This winter scene of Mores Creek was taken from the bridge at the mouth of Daggett Creek looking downstream. After a few nights of near zero degrees weather the creek freezes over. Quite often a little dark gray bird (American Dipper) can be seen perched on the edge of the ice by an open pool. It has always amazed me to watch a dipper plunge into a fast running stream and return to the exact spot where it first entered the frigid water. On this day I saw no such activity. When Spring returns one can expect to see dipper, spotted sandpiper, gray catbird, hummingbird, cedar waxwing, song sparrow, western wood-pewee and many other songbirds along these riparian shores. Spring, Ah yes! I can hardly wait till its return.

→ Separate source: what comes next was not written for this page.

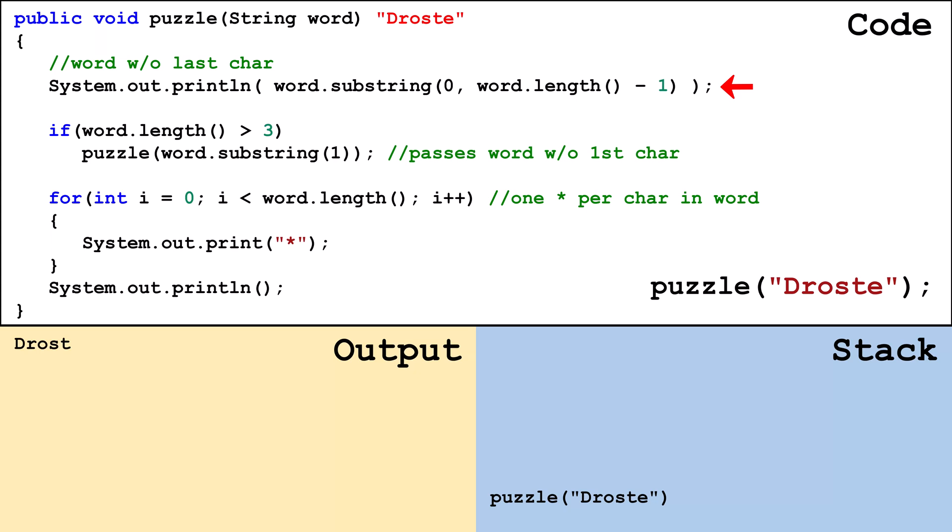Don't confuse what is output to the console to the value of the word variable. Word has a length of six which is greater than three so puzzle is called and passed roste.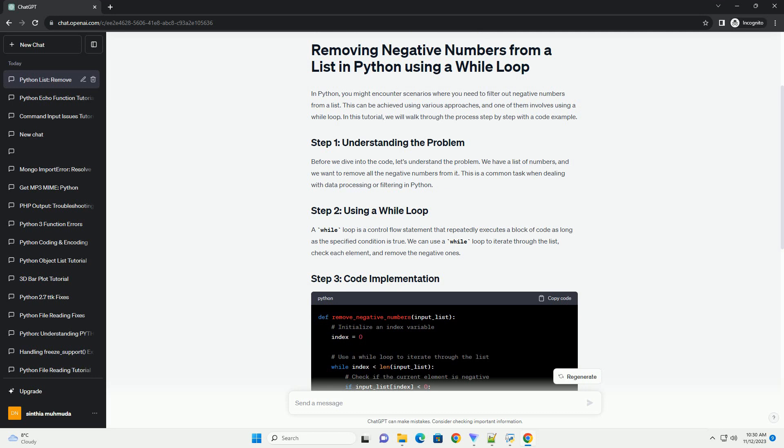Let's test the code with the provided example. The output should show the original list and the modified list after removing negative numbers.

The country-side seems to be covered with yellow this time of year. The brilliant blues, reds and whites of spring and summer have given way to yellow. Rabbit brush and sunflowers crowd the rural byways with this color. Soon the aspens will join the display. Fall is upon us and winter is on its way. Enjoy this abundance of yellow while you may.
On November 2nd I took a trip to my Sage Hen Bluebird Trail. I had to clean the nest boxes out before winter should arrive. After leaving Squaw Creek and heading up the Second Fork road I came across this Autumn scene. A lot of the shrubs had shed their leaves but I thought this scene warrented a picture.
I returned to the beaver pond below the house on Daggett Creek today in hopes of seeing the beaver(s). Some fall colors still linger on the trees, bushes and shrubs. There was not a ripple in the water. I noticed the long ice crystals floating on the surface. I did not observe a pathway through the crystals so I presume the beaver must come out of its hut in the evenings or during the night. There seems to be fresh evidence of recent activity, fallen stems of willow.
On this cool, overcast, October morning I looked out the window at this colorful view. We may not have the entire landscape emblazened with fall color like the eastern U. S. diciduous forests, but we do have pockets of beautiful hues. Perhaps the dark evergreen background tends to enhance our western autumn colors.
I was out on the road to Prairie yesterday. I was amazed at the display of our state flower along the south fork of the Boise river. The Syringa is also known as Mock Orange. I really enjoyed the fragrance of these beautiful flowers that filled the air as I took many photos.
Mountain Ash may be found in the mountains not too far from Boise. This photo was taken a few years ago in autumn on Clear Creek between Pioneerville and Coulter summit. This native shrub grows up to approximately six feet tall. The berries ripen in the fall just in time to be visited by robins, waxwings and other fruit eating birds. This means your visit must be timed just right to see this colorful display before the birds have their feast.